Secondo la Kabbalah, la vibrazione di queste lettere dona distacco dalle cose materiali e dagli attaccamenti dell’Ego che causano le sofferenze. Fornisce dunque lo strumento meditativo più efficace a far sbocciare liberamente il proprio il vero Sé.

Esortazione angelica.

Lauviah 2 esorta i suoi protetti a sviluppare le proprie doti interiori e poi a esteriorizzare le proprie conoscenze e conquiste per collaborare all’evoluzione umana trasmettendo al mondo le rivelazioni ricevute.

Giorni e orari di Lauviah.

Se sei nato nei giorni di reggenza di questo angelo, Lauviah è sempre in ascolto per te; ma in particolare le sue energie si schiudono nelle date del tuo compleanno e negli altri 5 giorni che ti sono dati dal calcolo della Tradizione. Suoi giorni di reggenza sono anche: 25 gennaio, 20 giugno, 3 settembre, 14 novembre; ed egli governa ogni giorno, come “angelo della missione”, le energie dalle h. 5.20 alle 5.40. Assiste perciò, in particolare, anche i nati in questi giorni e in questo orario, in qualunque data di nascita, ed è questo l’orario migliore in cui tutti lo possono invocare. La preghiera rivolta specificamente a Lauviah 2 è il versetto dai Salmi che recita: Domine, Deus noster, quam admirabile est nomen tuum in universa terra quoniam elevata est magnificentia tua super caelos (Sal. 8,2 – Signore, nostro Dio, quanto è mirabile il tuo nome su tutta la terra: si innalza oltre i cieli la tua magnificenza).

SIMBOLOGIA OCCULTA. 

Corrispondenze con le simbologie degli Arcani maggiori.
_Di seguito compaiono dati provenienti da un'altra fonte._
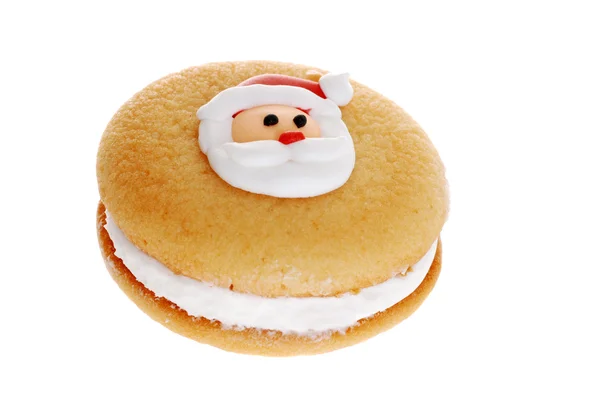 Christmas cookie fokus på santa ansikte — Stockfoto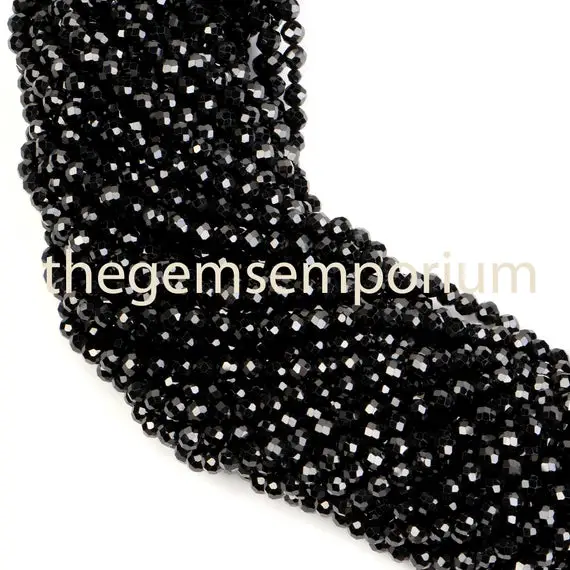 Black Spinel Faceted Rondelle Beads, Black Spinel Faceted Beads, Black Spinel Rondelle Beads, Black Spinel Beads, Black Spinel 3-3.25mm
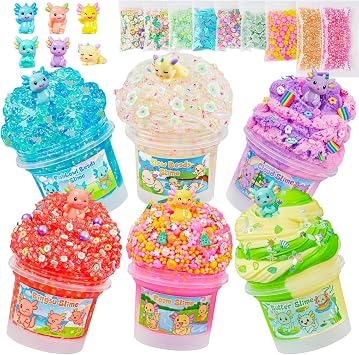 Axolotl Slime Kit 6100ml 20oz Total - Slime Variety Pack with Different Textures & Axolotl Charms, Glow in The Dark Slimes, Crunchy Slime, ASMR, Birthday Party Favor, Axolotl Fidget Toys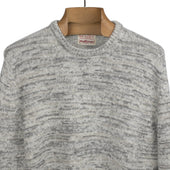 Crewneck Sweater In Opalis Grey Mineral Dyed Merino Wool And Baby Alpaca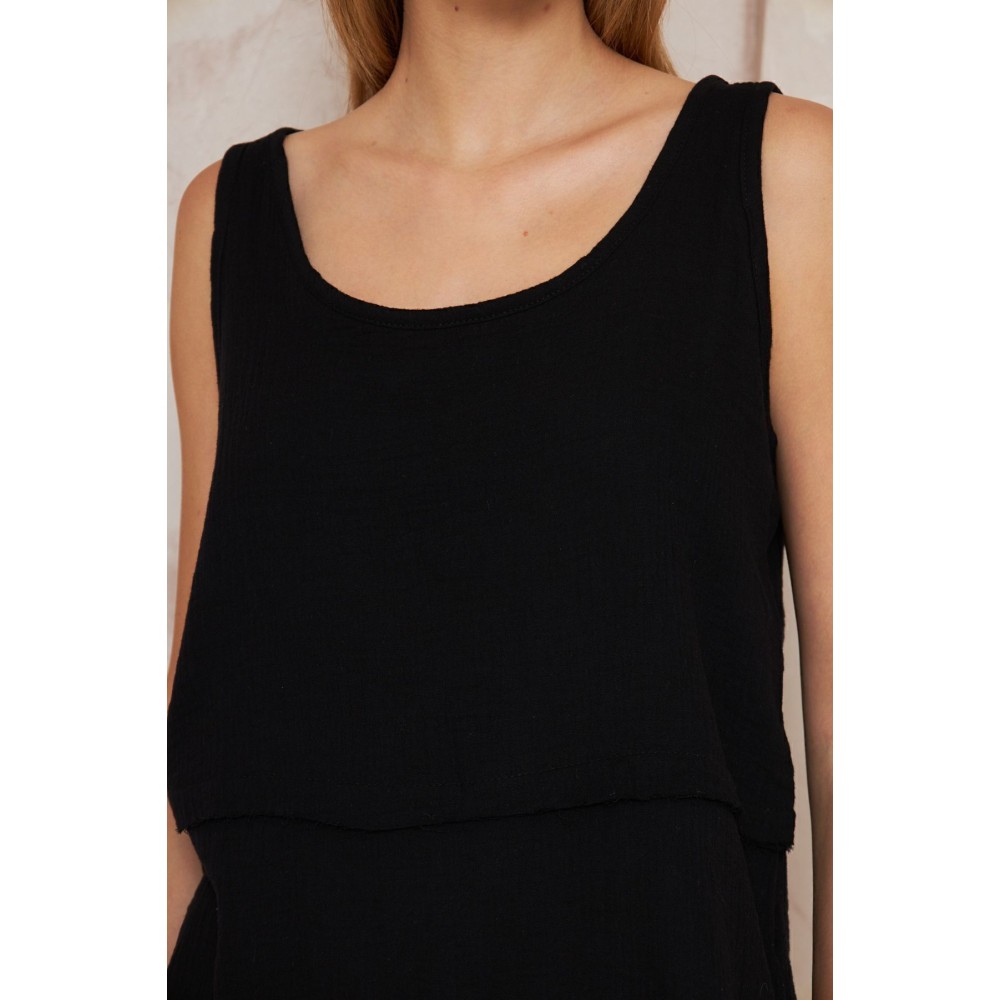 Pasaklı Giyim Pasaklı Giyim Kadın Müslin Pis Dikiş Bluz Siyah - Premium Kadın Giyim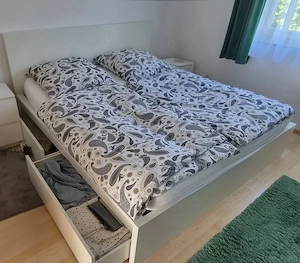 IKEA MALM Bett 180x200 weiß mit 4 Schubladen + Lattenroste + Matratze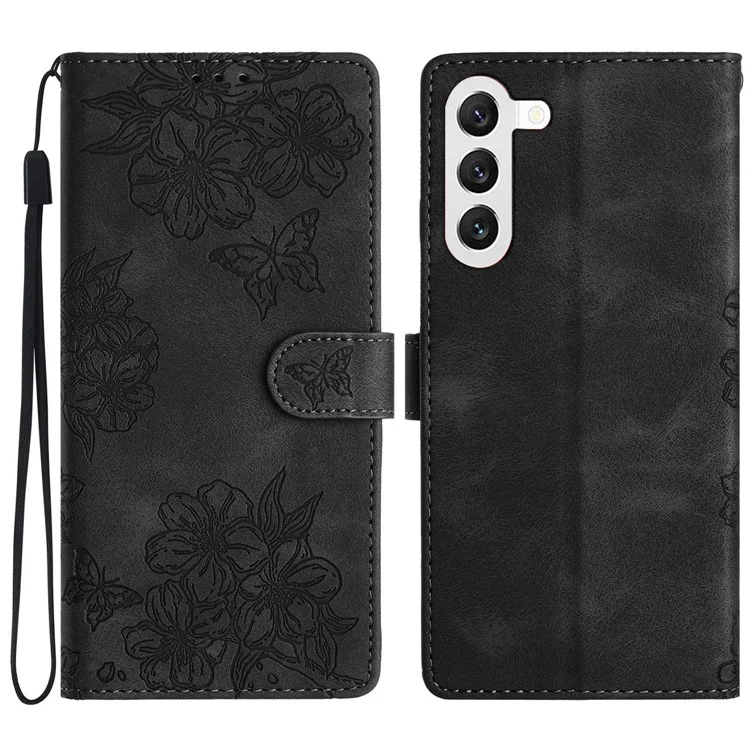 For Samsung Galaxy S23+ Cell Phone Case PU Leather Imprinted Pattern Wallet Phone Cover - Black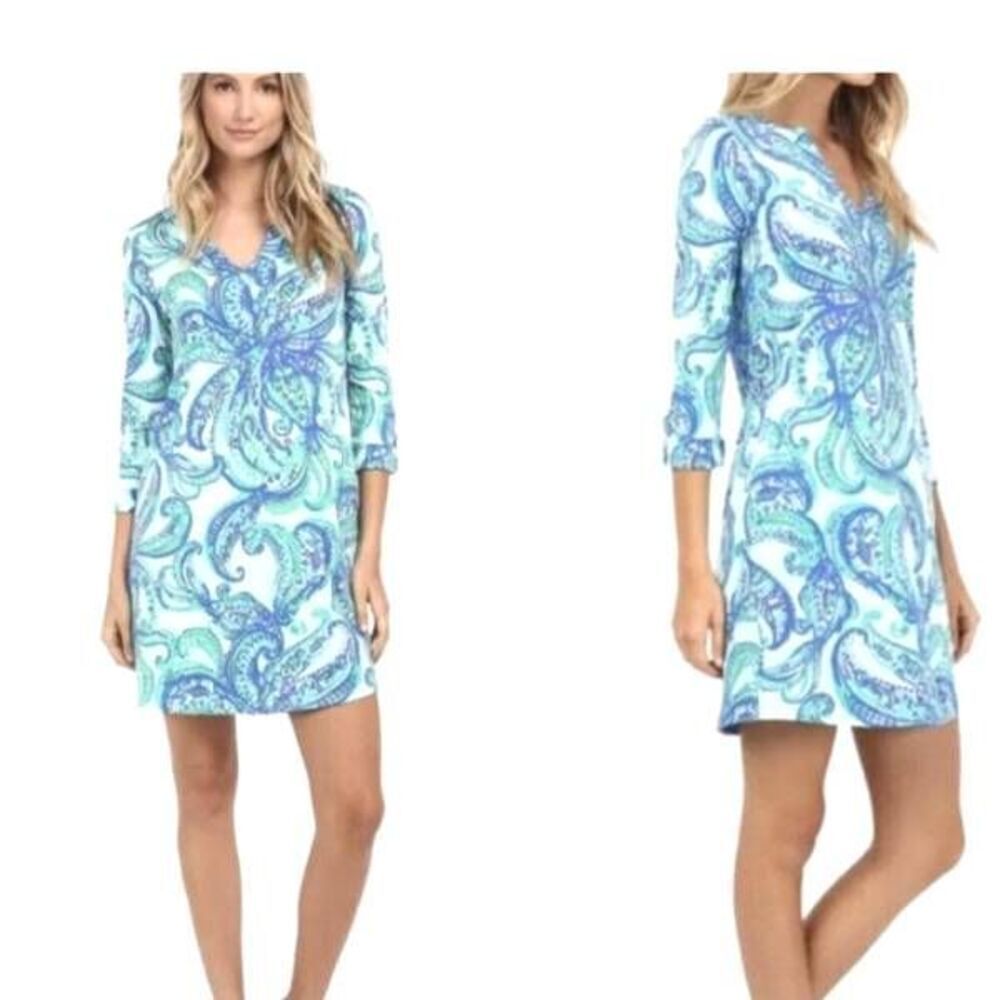 LILLY PULITZER Rossmore V-neck T-shirt Dress In Poolside Blue Sz XS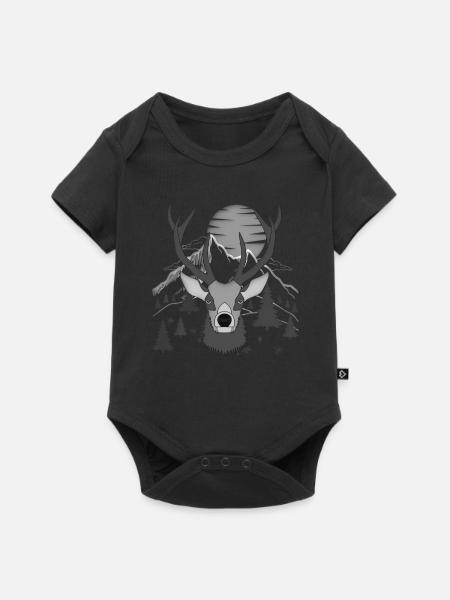 Rothirsch Geweih mit Hirschgeweih - Baby Premium Kurzarmbody - Schwarz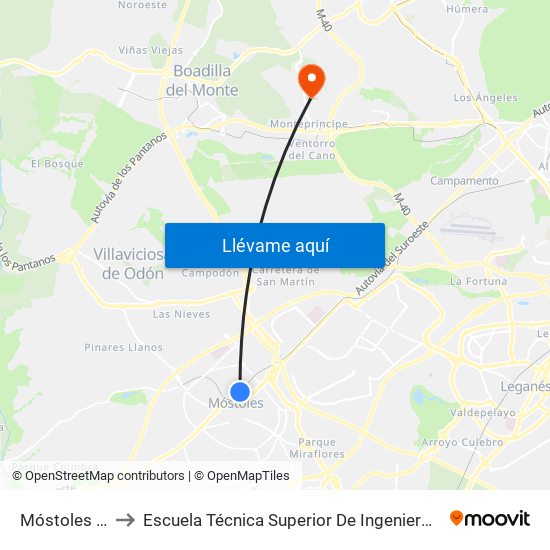 Móstoles Central to Escuela Técnica Superior De Ingenieros Informáticos Upm map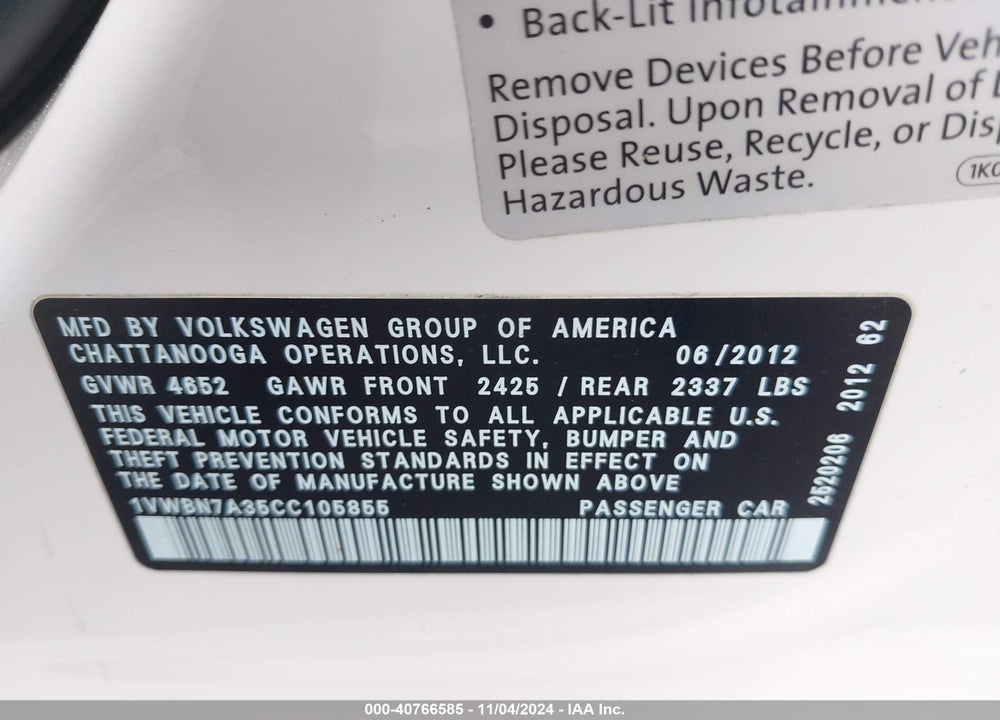 2012 VOLKSWAGEN PASSAT 2.0L TDI SE VIN: 1VWBN7A35CC105855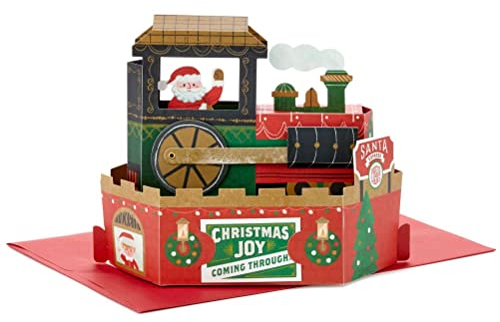 Hallmark Weihnachtskarte Weihnachtsmann Polar Express Musik Motion Wheel Pop Up Weihnachtskarte 3D Weihnachtskarte Rot Grün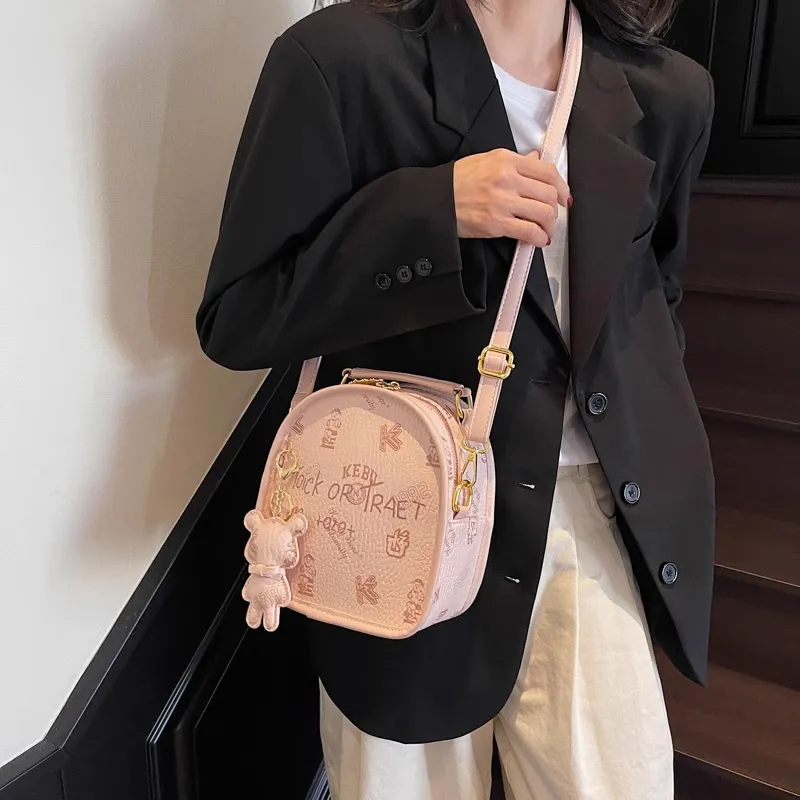 MARKANGARO PU Backpack Women's Brown/Pink-11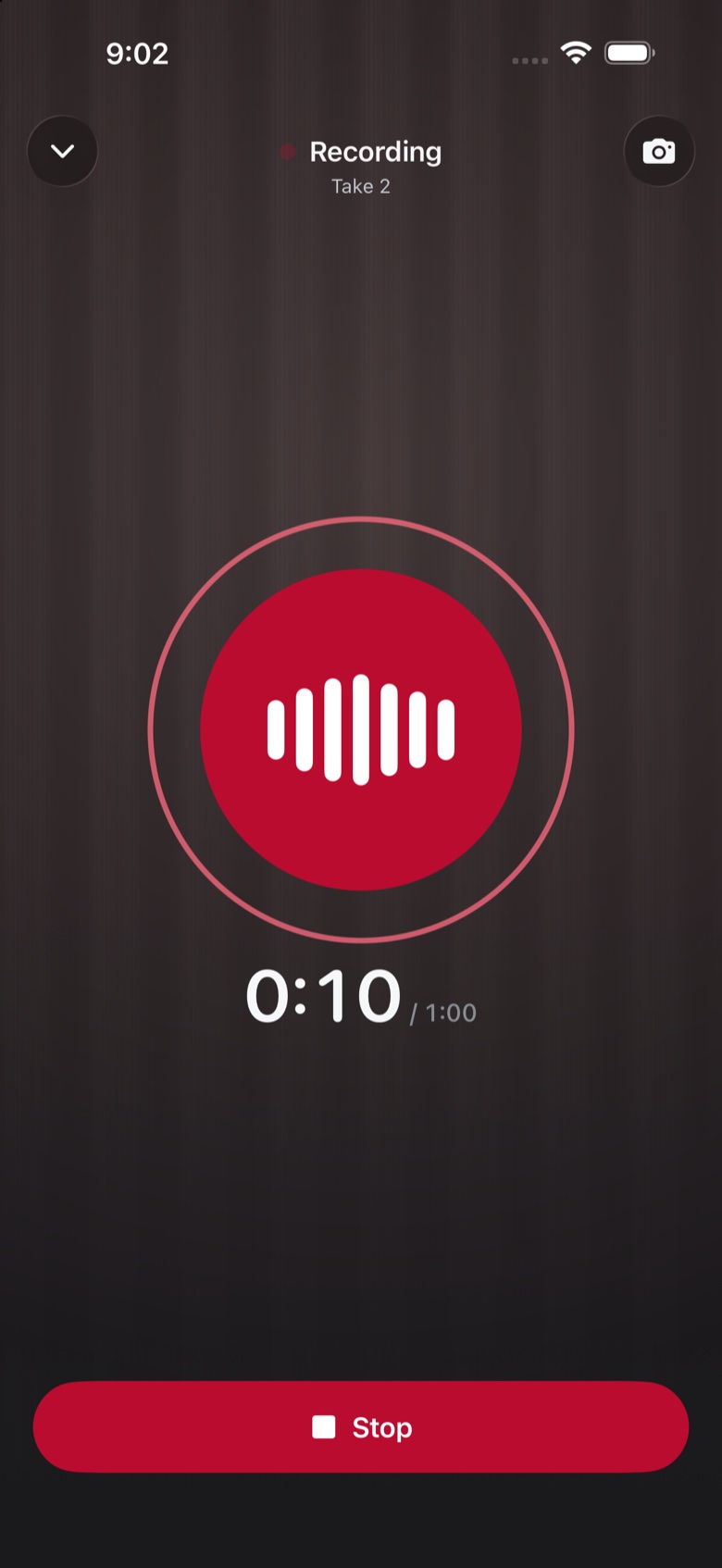 Zinger recording take two of a bit: a scarlet voice mark follows the microphone level, a clock reads ten seconds of a one-minute limit, and a Stop button sits at the bottom.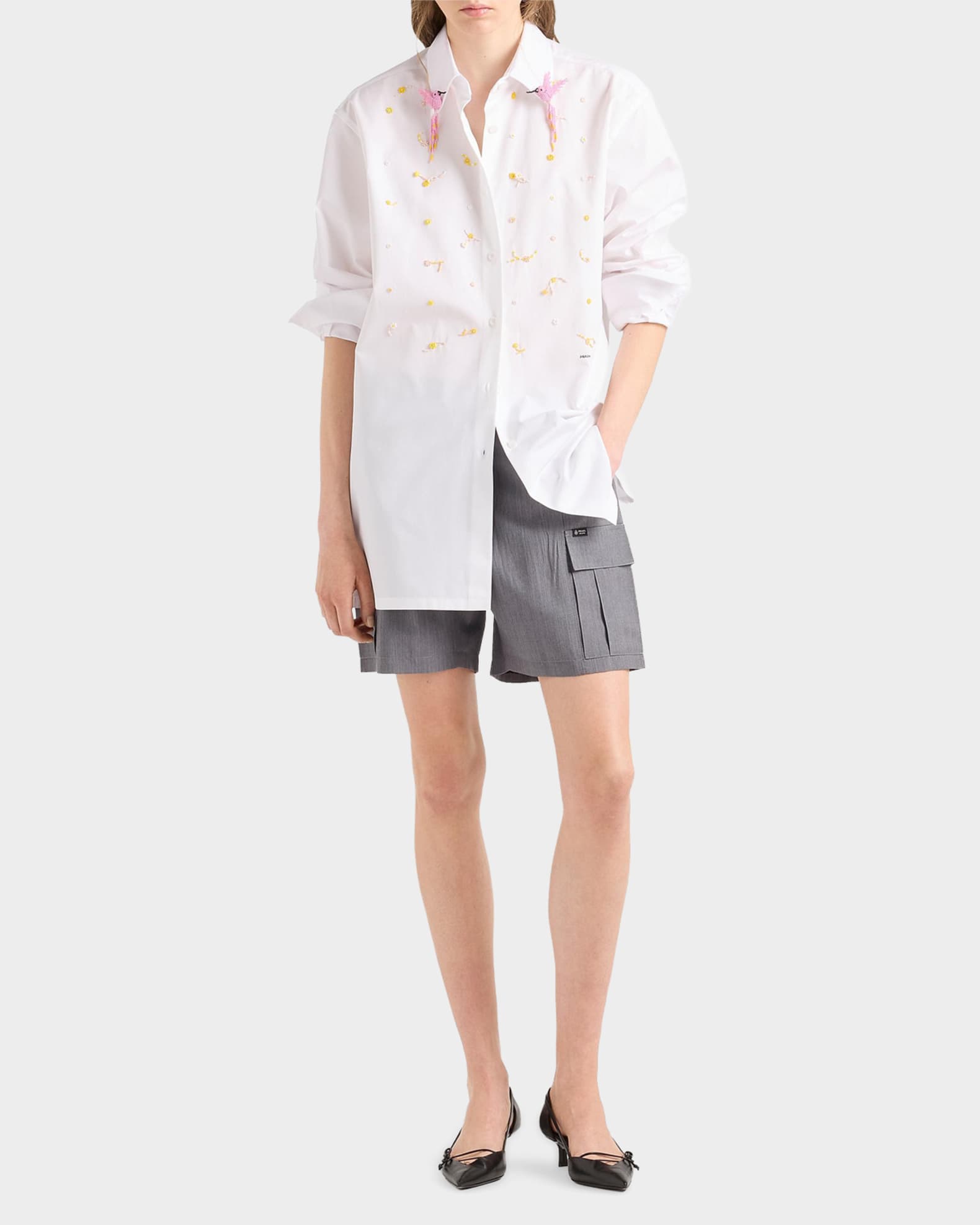 Prada Embroidered Poplin Shirt | Neiman Marcus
A ciascuna delle 22 lettere ebraiche sono associati dei numeri, dunque ad esse possono venire associate anche corrispondenze con le relative simbologie dei 22 Arcani maggiori dei Tarocchi; questo può essere interessante per chi desidera interrogare questi simboli sul solo piano di vero interesse: quello cioè dell’introspezione psicologica. Mentre le lettere ebraiche si leggono da destra a sinistra, però, i corrispondenti Tarocchi vanno letti da sinistra a destra. In questo caso, la radice (lamed-aleph-waw) del Nome risponde alla configurazione: L’Appeso – il Mago – l’Innamorato da cui la riflessione che nasce dalle domande poste da questi arcani: chiede l’Appeso (sosta, meditazione, dono di sé stessi) che cosa devo sacrificare? Che cosa devo dare di me stesso? Cosa devo fermare? Cosa devo ascoltare? Verso quale punto devo rivolgere la mia ricerca interiore? chiede il Mago (l’inizio, la scelta): che cosa sto cominciando a fare? Che cosa sto scegliendo? Come posso canalizzare la mia energia? Chiede l’innamorato (l’androgino divino, il libero arbitrio, la ricerca della Luce): in quali relazioni sono coinvolto? Che scelte devo operare?  

 CORI DI APPARTENENZA E ARCANGELI DI INFLUENZA.

Rimando infine al Coro e alle energie arcangeliche che dispensano influenze ai nati fra l’11 e il 16 giugno. L’angelo Lauviah 2 appartiene al Coro degli Angeli Troni guidato dall’ Arcangelo Binah, o Binael. Il segno dei Gemelli nel suo complesso, e questa decade in particolare (11-21 giugno) cadono entrambi sotto l’influenza del potente Arcangelo Michele.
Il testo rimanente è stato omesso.